EXERCISE INSTRUCTIONS
Look in the data below for the line that has "L'Oreal Conditioner, Volumizing, Filloxane, 12.6", then print exactly every line from there through the line that has "Prince Harry's Emotional", leaving pictures out.

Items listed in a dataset
__________________________________________________
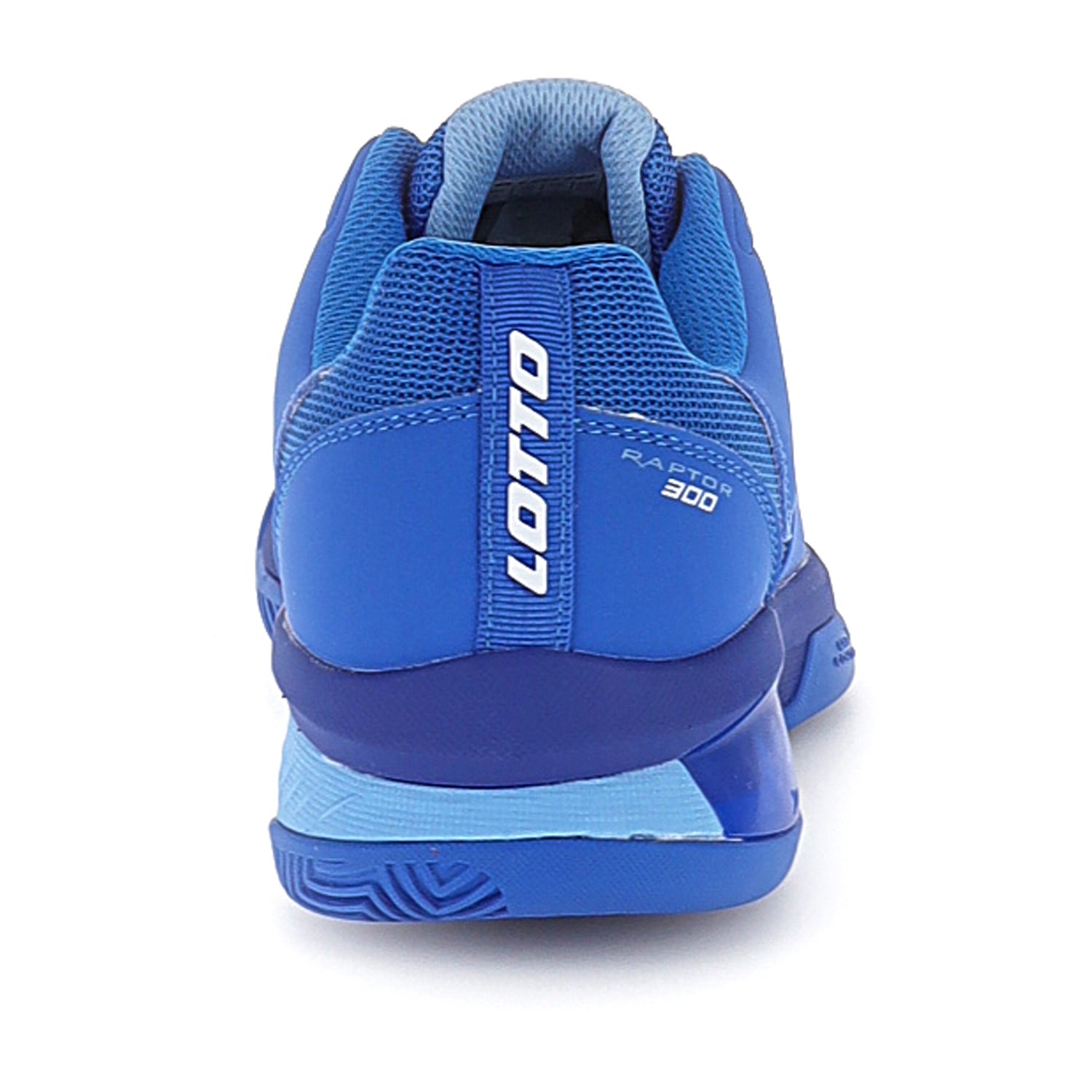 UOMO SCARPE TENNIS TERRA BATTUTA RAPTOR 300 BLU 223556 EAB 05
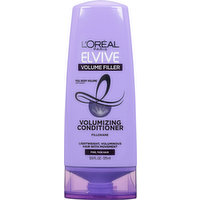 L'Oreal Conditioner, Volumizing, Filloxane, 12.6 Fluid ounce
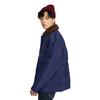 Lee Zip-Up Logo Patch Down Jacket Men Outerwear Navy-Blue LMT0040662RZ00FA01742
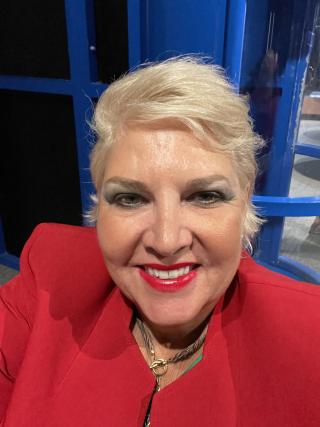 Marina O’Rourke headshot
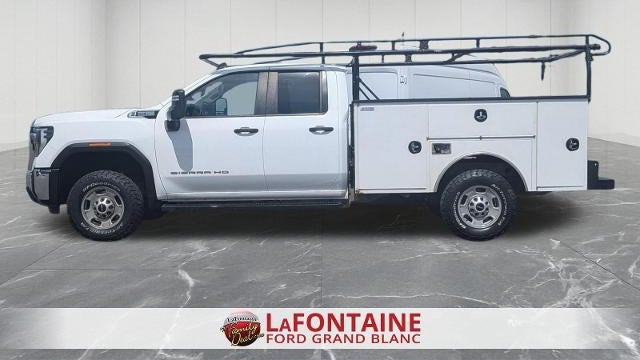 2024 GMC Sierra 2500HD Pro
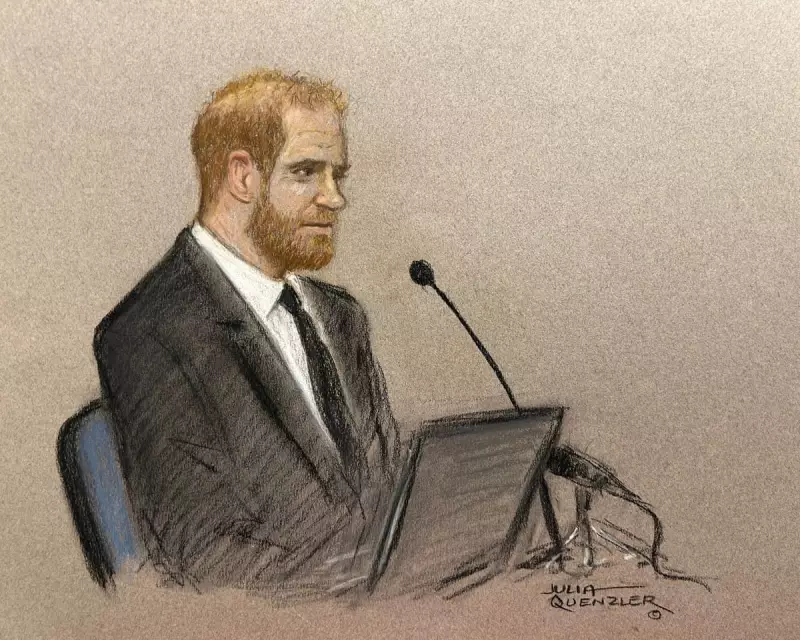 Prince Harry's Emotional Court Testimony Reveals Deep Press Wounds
__________________________________________________
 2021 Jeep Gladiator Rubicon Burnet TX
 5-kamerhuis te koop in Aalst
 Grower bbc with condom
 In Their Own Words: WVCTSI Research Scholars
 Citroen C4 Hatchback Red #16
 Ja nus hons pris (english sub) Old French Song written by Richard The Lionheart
__________________________________________________
ANSWER TO THIS EXERCISE
 L'Oreal Conditioner, Volumizing, Filloxane, 12.6 Fluid ounce
 Lee Zip-Up Logo Patch Down Jacket Men Outerwear Navy-Blue LMT0040662RZ00FA01742
 Marina O’Rourke headshot
 2024 GMC Sierra 2500HD Pro
 Prince Harry's Emotional Court Testimony Reveals Deep Press Wounds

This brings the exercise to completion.